The service element of Mama's is part of why Scibelli says Q.C. diners have consistently turned up at his place over other Italian restaurants in the area. And even though the restaurant is aging, it has continued to thrive and grow each year.
With growth comes crowds. Scibelli says it's almost always a must that you make a reservation if you plan on dining on the weekends. During the week, it's easier to walk in and grab a table.
Although it's a popular spot, Scibelli says management prides itself on hiring experienced hostesses that will do their best to get you in. Growing demand hasn't been enough to keep away the dedicated regulars.
"We've been open 26 years," Scibelli says. "We get people who, like, they've been coming there since they were born."
Dyrness often sees familiar faces around the dining room at lunch and dinner. He recalls that a particular group of regulars were recently sitting around talking about mozzarella sticks, so Dyrness accepted the challenge and whipped some up using Mama's homemade mozz. The result was incredible.
"They were freaking dynamite," Dyrness brags.

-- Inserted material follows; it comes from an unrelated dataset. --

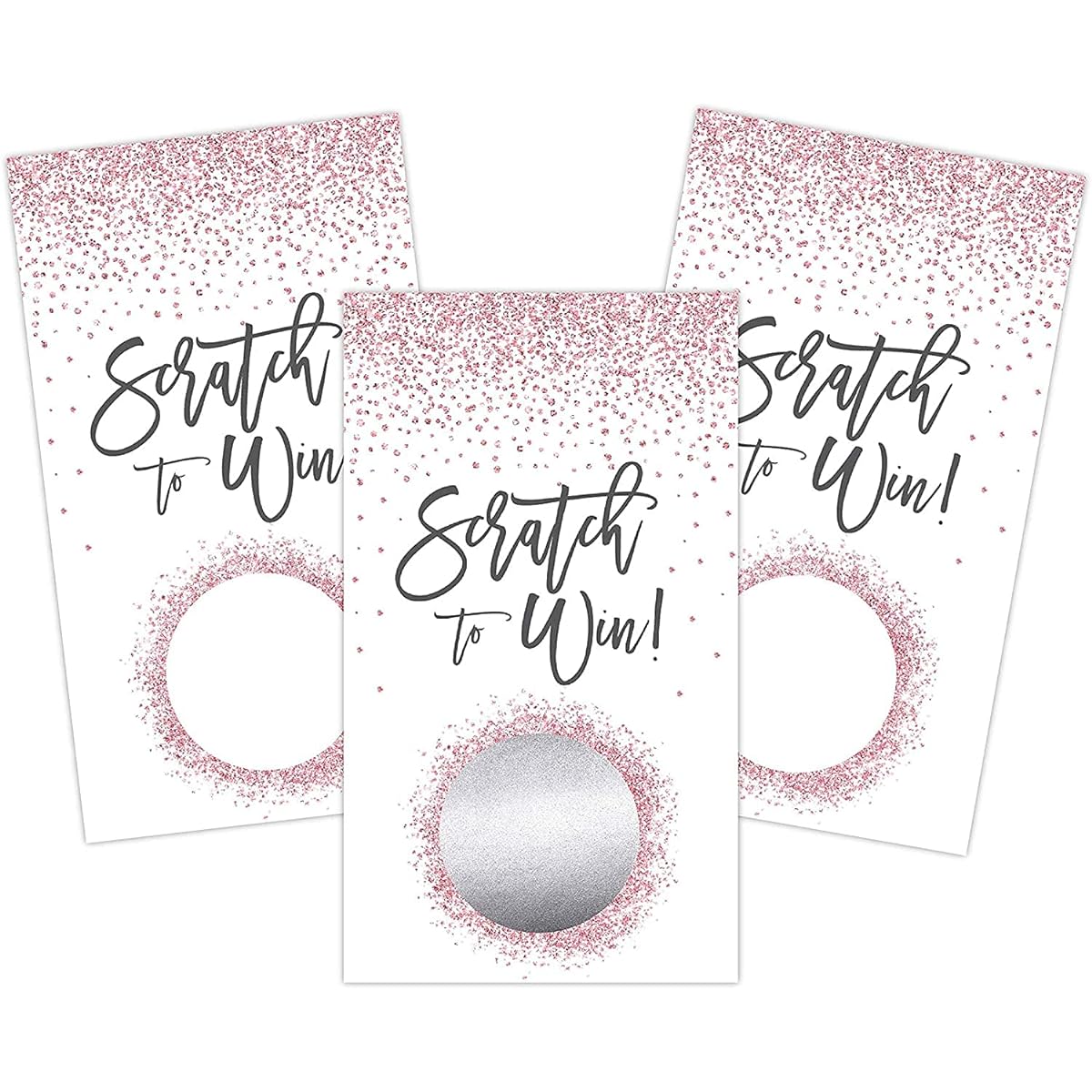 Pink Blank Gift Certificate Scratch Off Cards Vouchers Holiday Christmas Birthday Small Restaurant Spa Beauty Makeup Hair Salon Wedding Bridal Baby Shower Souvenir Game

With a new outdoor patio that finished up construction last year, there's plenty of space to relax and eat. The dining room itself isn't ostentatious, it's what one would expect from a more casual Italian joint. It's fairly dark, but strings of lights help illuminate your menu. The restaurant's playlist ranges from jazzy, Sinatra-like songs to classic Southern rock jams by the Allman Brothers.
Scibelli says you would be "hard pressed to find" the caliber of food Mama's offers in such a laid back atmosphere anywhere else.
The family-style plates create a community at the table, but that sentiment goes beyond Mama's four walls. The restaurant is very involved around Charlotte, specifically working with children's charities such as Claire's Army and Communities in Schools, which benefits from the annual Dine Out For Kids event.
Many of the people who work with Scibelli on his various restaurant projects have families and kids of their own, and he says his team finds the work heartwarming.
"We're very kid-focused," Scibelli says. "We want to make a difference with kids in all areas."
Family has become a theme of the Mama Ricotta's experience, which makes sense with such a maternal name. Whether it's the food or the experience of dining, Mama Ricotta's has made an impression on the dining scene of Charlotte for over a quarter of a century.
"People have gotten engaged there, then they have their birthdays there," Scibelli says. "Very important life memories are in the restaurant, and that's the part that's really cool."